Un film roumain mention très bien
Prix de la mise en scène à Cannes, ce drame est d’une grande intensité
Agressée la veille du bac, Eliza, 16 ans, n’a plus la tête à décrocher la mention qui lui permettrait de poursuivre ses études en Angleterre. Mais son père est prêt à tout pour qu’elle obtienne son diplôme. Baccalauréat traite de la paternité, via un drame dont l’enjeu dépasse la simple réussite à un examen. « La question, c’est plutôt de savoir jusqu’où le fossé entre notre discours et nos actes nous est supportable, souligne son réalisateur Cristian Mungiu. Le père de famille est un médecin revenu de ses espoirs nés avec la chute du communisme en 1989. Lorsqu’il se retourne sur son passé, il ne voit rien de mirobolant. Il trompe sa femme de façon un peu minable et mise tout ce qui lui reste sur l’avenir de sa fille. » Un avenir qui passe par une mention au bac, condition indispensable pour continuer ses études à l’étranger. « En tant que parent, on essaie d’être exemplaire vis-à-vis de ses enfants pour pouvoir leur tenir un discours moral, estime le cinéaste. Mais on tient parfois un double langage. »
Petit budget et système D
A la question morale s’ajoute une question politique : faut-il encourager ses enfants à rester en Roumanie pour faire évoluer la société ou les envoyer à l’étranger pour assurer leur avenir ? « Chez nous, on se pose tous cette question, raconte le cinéaste. A titre personnel, j’ai fait le choix de rester en Roumanie pour continuer à faire des films en langue roumaine. Avec de tout petits budgets et beaucoup de débrouillardise. Mais, pour les diffuser, c’est une autre affaire. Il n’y a plus aujourd’hui qu’une dizaine de salles qui projettent du cinéma d’auteur. Tout cela n’est pas qu’une question d’argent, mais de stratégie politique. » Cristian Mungiu a inventé un système de cinéma itinérant, pour apporter ses films dans les villages. « Je pensais que les autorités politiques réagiraient au fait que la palme d’or attribuée à un cinéaste roumain (en 2007 pour 4 mois, 3 semaines, 2 jours) doive être projetée dans d’aussi mauvaises conditions dans son propre pays.

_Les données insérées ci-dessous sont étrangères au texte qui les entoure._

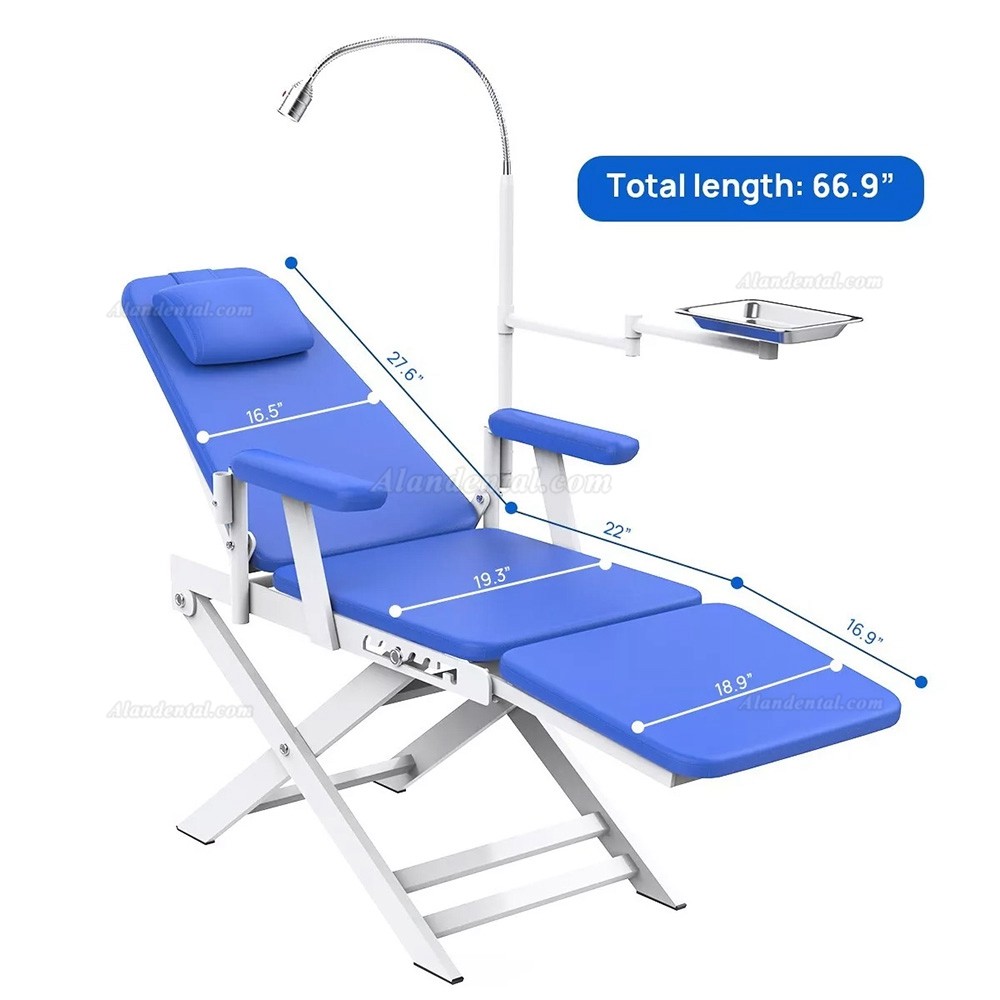 Dental Portable Folding Chair / Mobile Dental Chair with LED Light Lamp & Dental Tray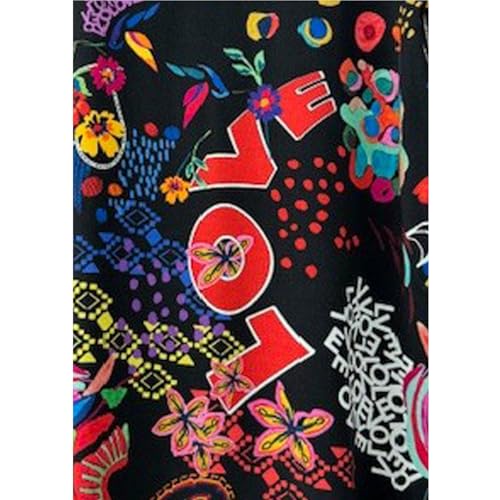 Johnny Was Janie Favorite Jenny Love Short Crew Floral Tee Shirt Black Top New4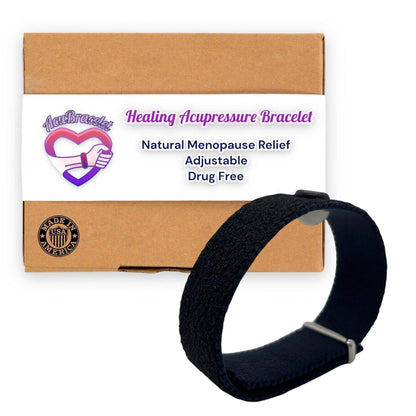 Hot Flash Bracelet – Menopause Relief Acupressure Band for Anxiety and Vertigo – Adjustable with VELCRO® Fasteners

Mais, hélas, rien n’a évolué. Au contraire, ces projections artisanales sont devenues la norme pour le cinéma d’auteur. » Depuis sa sortie, Baccalauréat a été vu par 55000 spectateurs en Roumanie. Un bon score, les films d’auteur ne dépassant guère 10 000 entrées dans ce pays. « Je suis heureux qu’il ait été vu, parce que ce n’est pas un film élitiste. C’est un film que j’ai fait en pensant aux parents. » A tous les parents, de Roumanie et d’ailleurs.